Small businesses are recalibrating their IT strategy with cloud computing. Cloud-based provisioning has delivered a boon to the prospects of SMBs without having to deploy and roll-out hardware-intensive infrastructure, like servers and networking systems.
The high availability of the cloud provides collaboration on the frontlines by utilizing the ubiquitous browser. Cloud computing is a wide umbrella which has many sub-divisions and is no longer cost-prohibitive. For example, SMBs utilize IaaS (Infrastructure as a Service) where businesses rent and leverage infrastructure from as virtual resources from private or public cloud providers.
Businesses leverage the cloud to access information anytime and anywhere using mobile devices. Faster and more robust internet speeds, and the explosion of wireless technologies have contributed greatly to the rise and the ubiquity of the cloud. The easy-to-use interface enables everyday administrators, editors and subscribers to access next-generation technology without being supervised by an IT specialist. Cloud Computing works by making data available from a Web-powered hub that gives authorized access to anyone with an internet connection.
Cloud-based solutions have become a hallmark of how SMBs run their day-to-day IT tasks. You’d be hard-pressed to run applications that are not powered by the cloud. The universal presence has SMBS questioning the security, proprietary data ownership and stability of cloud computing for small business. Recent studies have shown that cloud-adoption by SMBs has mushroomed the past few years, but most stakeholders still fear their ability to manage disparate cloud services.
A huge concern is the ability of SMBs to control the cloud that they become dependent on, such as day-long outages that have occurred to massive conglomerates like Amazon and Intuit.

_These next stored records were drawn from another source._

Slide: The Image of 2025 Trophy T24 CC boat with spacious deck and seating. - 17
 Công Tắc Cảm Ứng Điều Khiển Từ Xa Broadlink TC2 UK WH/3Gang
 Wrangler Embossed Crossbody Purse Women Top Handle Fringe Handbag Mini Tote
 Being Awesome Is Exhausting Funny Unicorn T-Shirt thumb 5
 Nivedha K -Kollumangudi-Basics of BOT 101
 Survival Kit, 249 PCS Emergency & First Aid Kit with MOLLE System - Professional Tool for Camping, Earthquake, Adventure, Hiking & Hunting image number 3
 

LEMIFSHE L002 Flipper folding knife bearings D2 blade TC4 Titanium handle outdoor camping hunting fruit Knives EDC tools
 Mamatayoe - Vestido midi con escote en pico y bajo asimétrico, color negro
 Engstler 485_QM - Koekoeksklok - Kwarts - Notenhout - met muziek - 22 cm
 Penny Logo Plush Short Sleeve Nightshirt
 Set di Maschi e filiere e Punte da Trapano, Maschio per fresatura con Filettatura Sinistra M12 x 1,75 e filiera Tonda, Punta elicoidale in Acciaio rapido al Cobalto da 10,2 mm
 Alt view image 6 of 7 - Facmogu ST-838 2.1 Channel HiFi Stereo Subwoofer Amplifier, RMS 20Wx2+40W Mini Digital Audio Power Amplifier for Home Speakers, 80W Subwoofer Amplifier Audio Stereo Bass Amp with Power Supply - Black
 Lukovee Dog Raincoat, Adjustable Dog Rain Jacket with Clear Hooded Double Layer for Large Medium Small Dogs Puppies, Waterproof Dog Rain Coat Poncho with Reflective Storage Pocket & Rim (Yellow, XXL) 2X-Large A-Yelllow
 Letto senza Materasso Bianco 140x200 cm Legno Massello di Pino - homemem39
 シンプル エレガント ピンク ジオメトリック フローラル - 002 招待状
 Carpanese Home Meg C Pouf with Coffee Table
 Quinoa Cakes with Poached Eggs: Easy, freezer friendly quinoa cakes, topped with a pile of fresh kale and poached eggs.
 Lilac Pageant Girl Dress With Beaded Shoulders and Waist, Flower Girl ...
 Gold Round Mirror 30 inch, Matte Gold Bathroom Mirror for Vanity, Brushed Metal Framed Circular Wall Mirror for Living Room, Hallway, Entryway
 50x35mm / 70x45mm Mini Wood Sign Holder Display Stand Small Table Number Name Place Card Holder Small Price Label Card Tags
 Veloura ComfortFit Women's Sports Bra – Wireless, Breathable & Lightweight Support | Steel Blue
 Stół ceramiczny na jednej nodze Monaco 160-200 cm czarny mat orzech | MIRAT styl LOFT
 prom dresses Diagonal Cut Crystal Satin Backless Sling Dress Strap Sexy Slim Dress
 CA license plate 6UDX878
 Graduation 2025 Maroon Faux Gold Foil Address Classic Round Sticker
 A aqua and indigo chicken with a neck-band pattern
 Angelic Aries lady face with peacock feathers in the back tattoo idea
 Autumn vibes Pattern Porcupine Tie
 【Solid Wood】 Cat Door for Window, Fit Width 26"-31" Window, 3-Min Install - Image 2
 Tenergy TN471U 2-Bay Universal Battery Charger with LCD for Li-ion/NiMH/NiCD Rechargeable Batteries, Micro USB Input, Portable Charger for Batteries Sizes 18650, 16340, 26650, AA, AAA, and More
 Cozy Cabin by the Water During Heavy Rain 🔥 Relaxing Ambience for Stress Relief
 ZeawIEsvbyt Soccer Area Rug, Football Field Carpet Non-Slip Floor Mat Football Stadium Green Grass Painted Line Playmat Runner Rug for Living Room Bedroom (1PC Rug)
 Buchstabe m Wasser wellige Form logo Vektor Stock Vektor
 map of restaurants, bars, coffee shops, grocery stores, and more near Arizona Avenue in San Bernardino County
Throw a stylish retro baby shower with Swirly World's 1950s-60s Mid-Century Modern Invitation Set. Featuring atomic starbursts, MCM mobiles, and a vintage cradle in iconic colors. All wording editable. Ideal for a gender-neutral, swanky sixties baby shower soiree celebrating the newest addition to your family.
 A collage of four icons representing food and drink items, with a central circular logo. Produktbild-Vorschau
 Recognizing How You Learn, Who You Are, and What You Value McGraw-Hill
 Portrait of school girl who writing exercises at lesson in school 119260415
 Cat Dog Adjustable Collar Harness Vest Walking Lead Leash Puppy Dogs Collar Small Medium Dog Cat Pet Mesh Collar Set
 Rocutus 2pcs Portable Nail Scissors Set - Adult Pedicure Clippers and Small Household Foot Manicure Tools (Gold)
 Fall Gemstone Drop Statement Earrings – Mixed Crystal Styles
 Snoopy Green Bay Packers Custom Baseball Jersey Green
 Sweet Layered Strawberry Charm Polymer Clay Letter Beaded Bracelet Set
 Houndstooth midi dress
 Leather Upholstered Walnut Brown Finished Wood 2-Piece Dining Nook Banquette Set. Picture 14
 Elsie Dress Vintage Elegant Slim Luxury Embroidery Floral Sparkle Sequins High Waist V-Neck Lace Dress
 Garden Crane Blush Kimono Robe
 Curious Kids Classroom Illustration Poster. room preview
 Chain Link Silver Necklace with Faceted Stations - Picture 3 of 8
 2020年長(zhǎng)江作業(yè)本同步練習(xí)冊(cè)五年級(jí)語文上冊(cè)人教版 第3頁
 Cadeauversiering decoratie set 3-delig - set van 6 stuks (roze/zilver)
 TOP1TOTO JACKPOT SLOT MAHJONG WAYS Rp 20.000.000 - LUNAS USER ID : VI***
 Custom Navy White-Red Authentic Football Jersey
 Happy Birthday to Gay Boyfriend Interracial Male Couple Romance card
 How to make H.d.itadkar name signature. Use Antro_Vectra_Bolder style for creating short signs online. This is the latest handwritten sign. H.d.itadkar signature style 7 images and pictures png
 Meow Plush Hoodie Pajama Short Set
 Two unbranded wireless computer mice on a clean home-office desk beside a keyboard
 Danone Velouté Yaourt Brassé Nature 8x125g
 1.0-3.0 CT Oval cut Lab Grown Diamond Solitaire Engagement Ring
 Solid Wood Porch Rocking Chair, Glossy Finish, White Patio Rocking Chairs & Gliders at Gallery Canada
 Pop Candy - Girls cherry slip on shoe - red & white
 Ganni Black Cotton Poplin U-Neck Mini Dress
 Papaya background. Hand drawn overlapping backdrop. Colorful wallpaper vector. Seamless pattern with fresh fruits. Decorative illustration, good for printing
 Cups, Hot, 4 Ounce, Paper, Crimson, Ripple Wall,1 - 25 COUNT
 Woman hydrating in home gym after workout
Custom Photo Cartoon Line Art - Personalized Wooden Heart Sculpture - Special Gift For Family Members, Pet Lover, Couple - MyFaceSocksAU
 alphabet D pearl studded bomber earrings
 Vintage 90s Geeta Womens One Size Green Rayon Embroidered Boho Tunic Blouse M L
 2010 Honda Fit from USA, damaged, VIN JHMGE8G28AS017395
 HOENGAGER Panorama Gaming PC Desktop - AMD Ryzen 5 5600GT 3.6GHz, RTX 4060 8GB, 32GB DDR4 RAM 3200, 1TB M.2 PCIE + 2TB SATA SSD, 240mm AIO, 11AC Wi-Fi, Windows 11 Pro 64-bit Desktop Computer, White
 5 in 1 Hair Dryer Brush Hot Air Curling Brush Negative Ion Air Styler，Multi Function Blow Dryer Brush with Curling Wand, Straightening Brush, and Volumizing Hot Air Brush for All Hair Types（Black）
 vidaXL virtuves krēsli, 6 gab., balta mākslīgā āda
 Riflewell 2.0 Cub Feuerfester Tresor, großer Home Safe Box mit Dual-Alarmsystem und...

This highlights the stark reality that exists when you outsource disparate IT functions to off-site providers and how you are dependent on their uptime reliability to run your business-critical software, such as Simply Accounting.
Cloud computing is a key business enabler. Most SMBs do not have the resources to key-in and focus on optimizing an array of technology-based facilitators. Many SMBs bank-on IT generalists to accelerate the transition to new technologies, as it falls outside their scope of expertise.
The progression of the shift of the cloud to the mainstream has been incredible: while only 47% of SMBs were using at least one cloud solution in 2009 that number has ballooned to 92% in 2014. SMBs are utilizing the cloud to gain insight into analytics, across multiple channels, and need high-end computing power and scalable storage to accommodate their drive.
This upward trend will continue in 2015, as SMBs are turning looking at the cloud to streamline operations, develop innovative new product lines and solve day-to-day operational problems. While most small businesses businesses look to public cloud adopters, like the Amazon Elastic Compute Cloud (EC2) and Microsoft OneDrive, there has been a shift in approach by medium-sized businesses who are looking for the hybrid cloud alternative. Mid-size businesses believe the hybridized cloud-based options will better ensure that they can meet security and privacy benchmarks.
The three type of cloud services are:
Public Cloud Computing: Public cloud computing is a cloud-service provider offers resources within a shared infrastructure, such as applications, available to the public through the internet. Within this public infrastructure, users get their own cloud ecosystem that they can operate in. The cloud-service provider offers security, management and maintenance of your cloud system either through pay-per-usage/ subscription-based service offering or some companies offer free services.
Private Cloud Computing: Private cloud computing is a firewall-protected architecture, supported by your own hardware and software, and under the control of authorized IT staff. It is a great cloud-based service offering for exclusive access to the cloud, greater IT efficiency and greater control management. It is considered a pricier option because SMBs have to build their own data centers.
Hybrid Cloud Computing: A hybrid cloud solution combines both private and public clouds into one crossbred environment. An organization’s outsourced or in-house IT team manages the private cloud aspect, while SMBs simply pay an outside organization to fully manage their public cloud. In many cases, SMBs that opt for a hybrid cloud system do so because they want to manage sensitive data in-house, and warehouse less-sensitive data with a third party.